The announcement of “Tiger 3” came in with a heavy load of expectations. The film didn’t only have to live up to the success of its previous two films, but also to the colossal caused by the recent entry into what has now become a franchise. The YRF spy universe was announced before the release of Pathaan in January. It arguably began with the first Tiger film. But now more than a decade later, the sensibilities around making an espionage film in India have changed.

This time, the stakes ask Tiger to save a warring nation from itself. The threat isn’t on the border, but across it. Because Rogue Pakistani agent Aatish (Emraan Hashmi) wants to shove aside his country’s Prime Minister (Simran) after having been wronged by the state. His plan of launching a coup starts by making Tiger doubt the loyalty of his own wife, Zoya’s (Katrina Kaif). Tiger must choose between his nation and saving a personal loved one, all while becoming a suspect in the eyes of his new boss Menon (Revathi).

While the earlier Tiger films drew the graphic distinction between the ‘good Muslim’ and the ‘bad Muslim’ to preach the notion of love over religion, “Tiger 3” uses its central couple’s peculiar pairing to debate the very merits of a democracy. Aatish’s entry and exit scenes not only pose as the moral reckoning of the film’s heroes, but also represents the charisma of a new- age nationalism. Will Pakistan be able to hold over its democratic institutions before their army brings about its destruction at the hands of Aatish? Things only begin to get tricky when Tiger becomes the (self imposed) person in-charge to carry out this noble duty.

The action here goes city-hopping in Austria, Russia and Turkey with the kind of frenetic, photogenic energy that wouldn’t allow you to see through the glaring contributions in the plot. But that’s not the problem with “Tiger 3”. The film is devoid of any sort of richness or texture that most films in the YRF spy universe tend to have. The brief moments of buddy comedy featuring a cameo work well, but the action around them seems so redundant and without texture that none of it ever gets registered. The result is a film that feels consistently busy but never immersive.

Can a hero become a zero? This is the theme that all Tiger films have explored. This is the exact opposite of commercial action-oriented storytelling, where we usually root for the stories of people who strive to be something. In a franchise that’s largely tagged as being apolitical given its genre limitations, the YRF spy films have increasingly been playing around with the idea of spies that tend to have a more nuanced and informed notion of what their patriotic duties entail.
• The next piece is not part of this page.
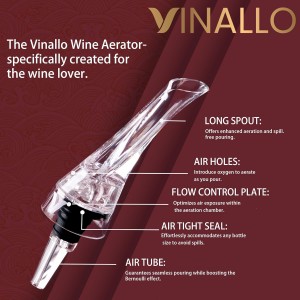 Wine Aerator Pourer Spout Diffuser - Wine Decanter with Aerator Attaches to Wine Bottle for Enhanced Flavor | Premium Quality Wine Air Aerator with Reusable Silicone Wine Stopper | No Drip or Spill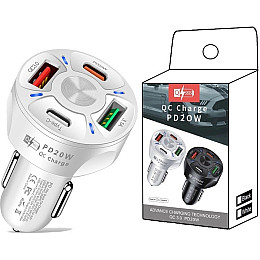 Автомобильное зарядное устройство CWa 2USB 2Type-C PD20W QC 3.0 White (3650552)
With “Tiger 3”, however, a lot of that nuance comes across as moral posturing. But then again, it’s also a ‘patriotic’ film that almost entirely takes places in Pakistan. For a studio that’s largely earned its reputation by celebrating the idea of harmony, I could see the choice diminishing the psychological borders we have ourselves barbed around. Perhaps it needs to pick compelling filmmakers who are more attuned with the sensibilities of the genre to get that message across. You can’t challenge sentiments without that, especially during times when the line separating democracy and dictatorship seem all too blurry.